Macro data have been strong globally indicating a synchronized upswing for some 18 months now. The US began to slow in Q1 and now some softness is appearing in data in Europe and Asia as well. This appears to be a mild, cyclical slowdown as opposed to something more fundamental and persistent. The growth is sufficiently strong that the Fed and PBOC are now reverting to neutral and may tighten in future. The recovery in Japanese growth is yet weak and together with the size of the national debt, will likely not see the BoJ shifting even to neutral. There are signs of some divergence in Eurozone growth that the ECB will similarly not be in a position to shift to neutral, let alone tighten. The ECB has probably been misunderstood and is facing technical difficulties with QE, which will probably see QE tapered but replaced by policy of similar accommodation. In any case, the ECB made no definitive statement, maintained the current status quo and deferred any monetary policy decisions to the October 26 meeting.

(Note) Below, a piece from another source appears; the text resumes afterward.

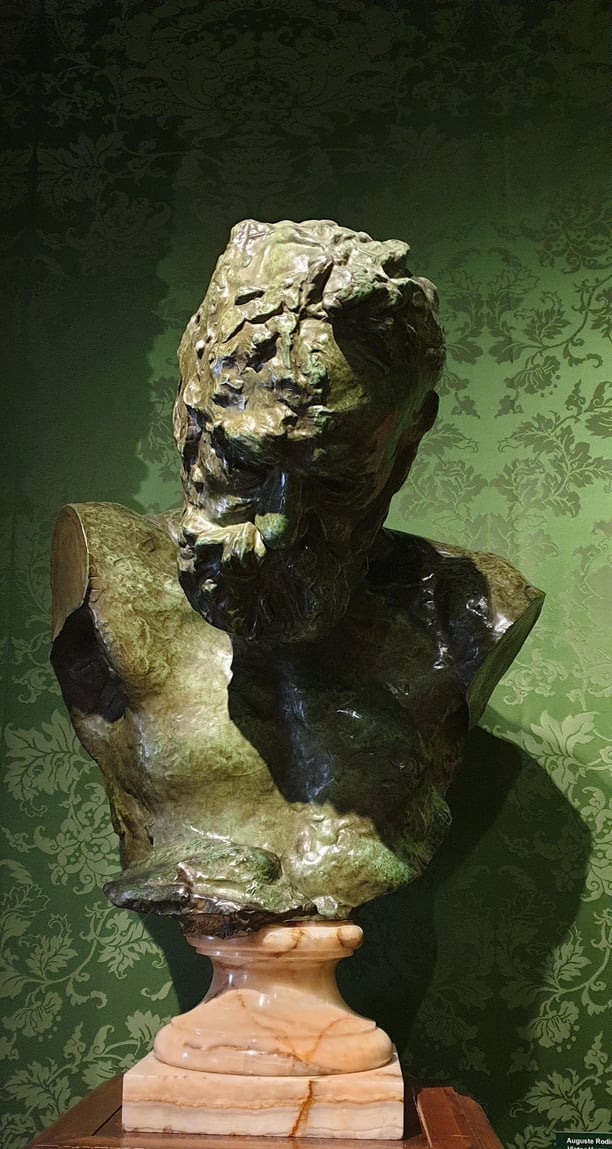 Le Marais de Victor Hugo avec Caroline C.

The implications of the above are that investors should not be too bearish duration in any currency, and that recent EUR strength (and conversely USD weakness) could be overdone.

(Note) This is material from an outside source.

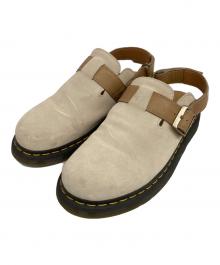 Dr.Martens（ドクターマーチン）の古着「JorgeⅡ / ミュールサンダル」｜ベージュ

And while we note the strength in economic data, we also note the first and early signs that growth may be decelerating as indicated by slightly softer high frequency PMIs. Recent data have indicated an incipient shift towards domestic growth away from trade, a theme we witnessed from 2011 – 2015. Since then trade, manufacturing and commodities have rebounded. We hope that we do not return to the insidious dynamics of trade war and that the current downturn is just a correction.